Supplied data: Begin
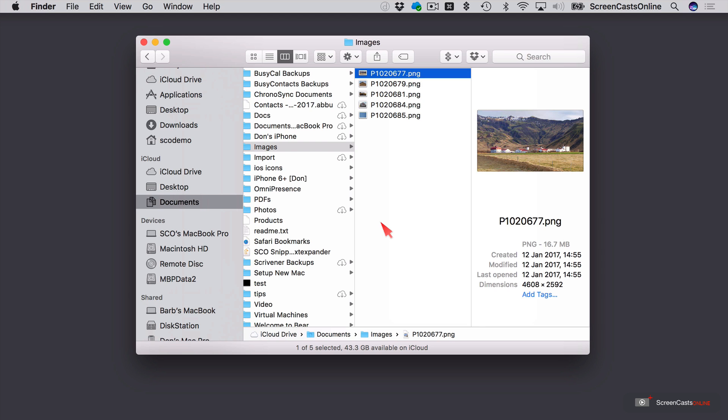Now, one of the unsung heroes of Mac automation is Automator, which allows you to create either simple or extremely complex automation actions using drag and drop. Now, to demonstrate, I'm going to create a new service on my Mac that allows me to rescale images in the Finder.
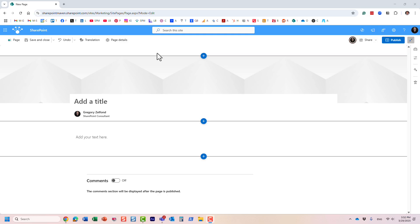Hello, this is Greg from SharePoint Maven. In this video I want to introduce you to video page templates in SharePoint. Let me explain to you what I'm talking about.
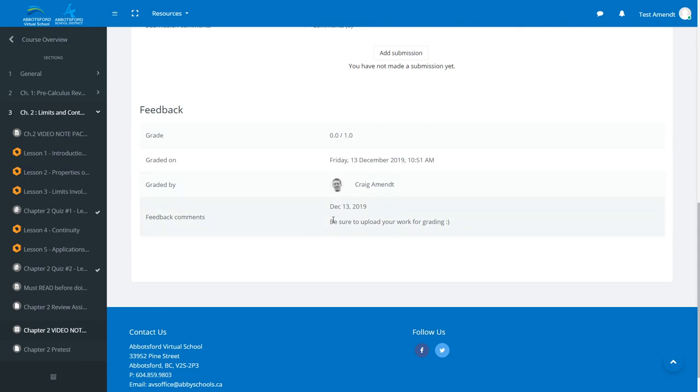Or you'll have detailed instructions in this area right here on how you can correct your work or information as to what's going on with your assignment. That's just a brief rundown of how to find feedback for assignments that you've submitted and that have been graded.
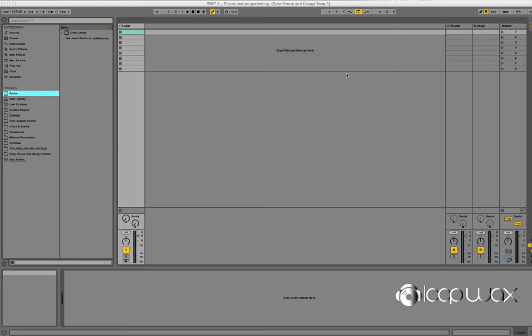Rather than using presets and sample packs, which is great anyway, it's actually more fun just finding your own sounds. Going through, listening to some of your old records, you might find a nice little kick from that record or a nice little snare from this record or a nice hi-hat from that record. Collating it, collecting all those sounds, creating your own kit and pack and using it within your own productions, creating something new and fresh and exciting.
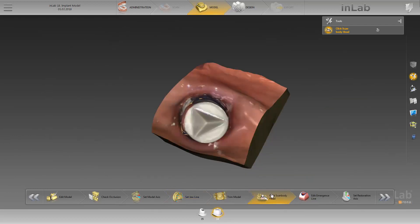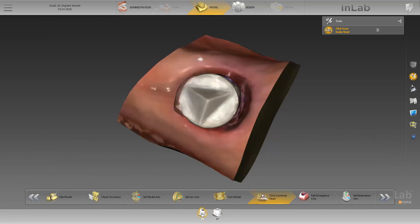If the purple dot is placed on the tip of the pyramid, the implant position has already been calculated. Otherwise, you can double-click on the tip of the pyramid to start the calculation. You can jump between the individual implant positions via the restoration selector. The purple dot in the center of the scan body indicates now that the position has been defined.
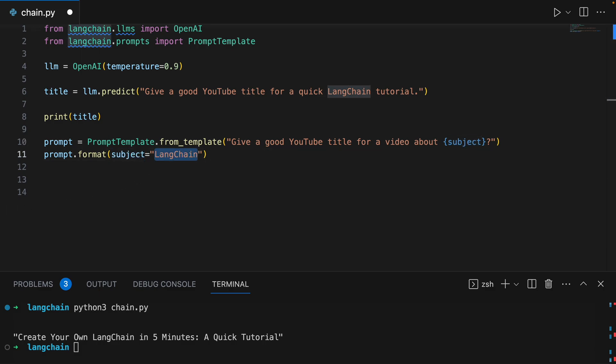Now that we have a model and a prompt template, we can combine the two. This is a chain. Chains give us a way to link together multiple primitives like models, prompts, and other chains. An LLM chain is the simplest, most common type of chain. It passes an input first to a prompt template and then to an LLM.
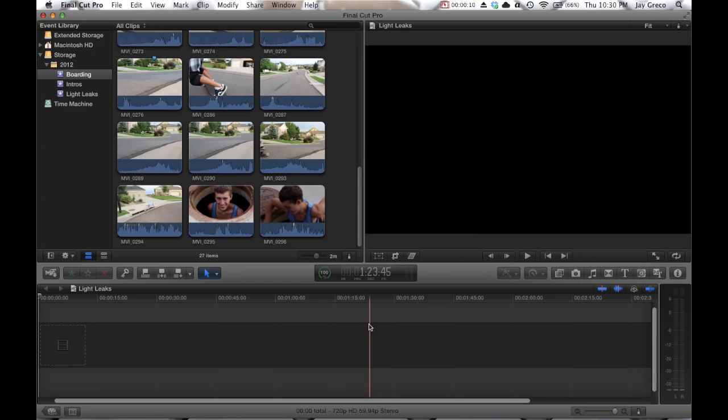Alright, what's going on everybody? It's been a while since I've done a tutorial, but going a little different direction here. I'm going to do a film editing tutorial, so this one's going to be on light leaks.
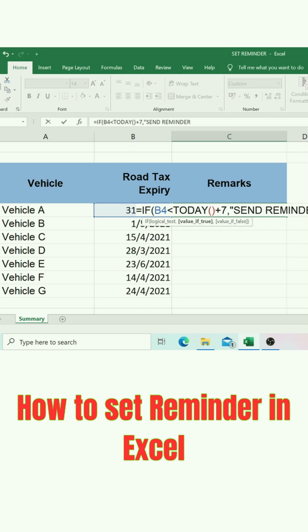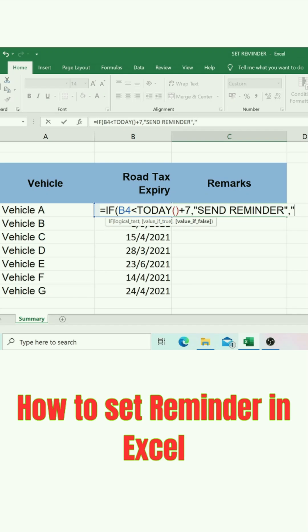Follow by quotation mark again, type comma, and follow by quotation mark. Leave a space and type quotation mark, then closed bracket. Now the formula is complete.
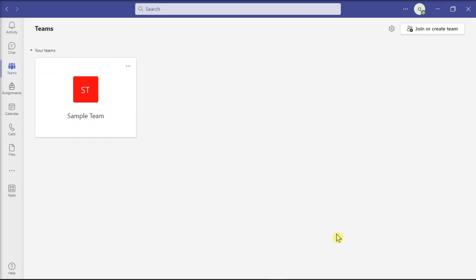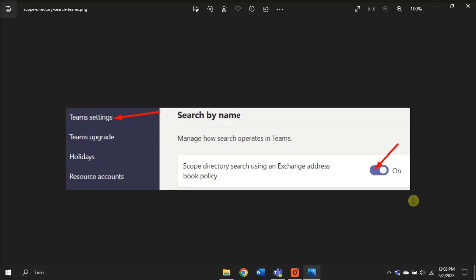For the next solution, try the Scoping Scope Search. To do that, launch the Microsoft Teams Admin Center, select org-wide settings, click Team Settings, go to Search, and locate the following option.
Supplied data: End
- _Your assignment_
The result should be the full set of entries above, restated exactly and without images.

- _Reply to the task_
Now, one of the unsung heroes of Mac automation is Automator, which allows you to create either simple or extremely complex automation actions using drag and drop. Now, to demonstrate, I'm going to create a new service on my Mac that allows me to rescale images in the Finder.
Hello, this is Greg from SharePoint Maven. In this video I want to introduce you to video page templates in SharePoint. Let me explain to you what I'm talking about.
Or you'll have detailed instructions in this area right here on how you can correct your work or information as to what's going on with your assignment. That's just a brief rundown of how to find feedback for assignments that you've submitted and that have been graded.
Rather than using presets and sample packs, which is great anyway, it's actually more fun just finding your own sounds. Going through, listening to some of your old records, you might find a nice little kick from that record or a nice little snare from this record or a nice hi-hat from that record. Collating it, collecting all those sounds, creating your own kit and pack and using it within your own productions, creating something new and fresh and exciting.
If the purple dot is placed on the tip of the pyramid, the implant position has already been calculated. Otherwise, you can double-click on the tip of the pyramid to start the calculation. You can jump between the individual implant positions via the restoration selector. The purple dot in the center of the scan body indicates now that the position has been defined.
Now that we have a model and a prompt template, we can combine the two. This is a chain. Chains give us a way to link together multiple primitives like models, prompts, and other chains. An LLM chain is the simplest, most common type of chain. It passes an input first to a prompt template and then to an LLM.
Alright, what's going on everybody? It's been a while since I've done a tutorial, but going a little different direction here. I'm going to do a film editing tutorial, so this one's going to be on light leaks.
Follow by quotation mark again, type comma, and follow by quotation mark. Leave a space and type quotation mark, then closed bracket. Now the formula is complete.
For the next solution, try the Scoping Scope Search. To do that, launch the Microsoft Teams Admin Center, select org-wide settings, click Team Settings, go to Search, and locate the following option.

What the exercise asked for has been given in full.